“Living with Integrity.” Comment Magazine has a new issue out that focuses on how liberal individualism has perhaps warped our understanding of integrity. Along with some excellent essays, it includes a conversation with Patrick Deneen.
“Cape Breton Diary Part I: Forgetting & Remembering: Encounters with Three Traditions on the Edge of Oblivion” and “Cape Breton Diary Part II: Cooperation & Supernatural Brotherliness.” Richard Upsher Smith Jr. visits Cape Breton (made famous by the brilliant stories of Alistair MacLeod) and reflects on the history and cultures that have forged this unique community. (Recommended by Rob Grano.)
“‘Monster’ Turns Our Farmers into Serfs and Sharecroppers.” Gracy Olmstead writes about the ongoing costs of agriculture’s addiction to bigness: “These farmers feel trapped in a system of growing and harvesting that is killing their land, animals, and way of life.
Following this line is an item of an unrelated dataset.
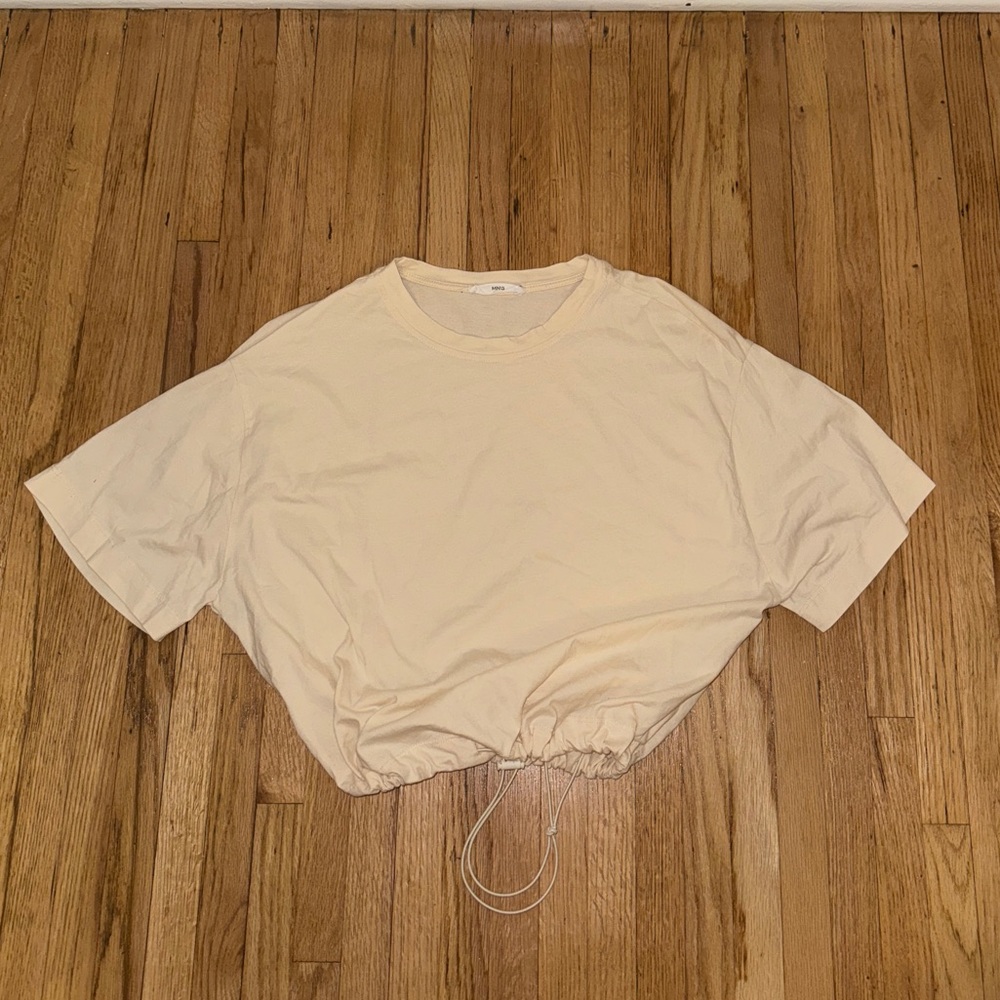 Ming Wang Cream Scrunch T Shirt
Yet changing the way they farm, or the trajectory of their towns, seems impossible.”
“The Idolatry of Home: Brexit & the View from Somewhere.” Paul Griffiths reviews Roger Scruton’s latest book and finds it perceptive yet flawed. (Recommended by Eric Miller.)
“How the West Was Lost.” John F. Ross, author of a new book on John Wesley Powell, writes about the one-handed explorer’s insistence that human settlement in the arid West should be limited. (Recommended by Tom Bilbro.)
“When the Ship Has Sailed: Alan Jacobs on Christian Humanism in an Age of Crisis.” Robert L. Kehoe III interviews Alan Jacobs about his new book (I reviewed Jacobs’s book for FPR a couple of weeks ago).
China is continuing its technologically-sophisticated crackdown on ethnic and religious minorities. Under Xi Jinping, the Communist Party seems increasingly intolerant of local communities and traditions.
“Who’s Afraid of Nationalism?” Daniel McCarthy reviews Yoram Hazony’s new book, The Virtue of Nationalism, finding it a flawed if illuminating book. Look out for FPR’s review of Hazony’s book next week.
“Perennial Versions of Conventional Crops Offer Benefits to the Environment—But Are They Ready for Prime Time?” Virginia Gewin reports on the Land Institute’s efforts to breed perennial crops, and the fruitful tension between growing such crops now or waiting for them to develop further.
Stanley Hauerwas Doubts Americans Have the Context to Develop Virtues.” Stanley Hauerwas talks about picking okra and doing theology.
Brian Miller explains both how to castrate pigs (it involves having good friends) and how to catch pigs that can outsmart any fence.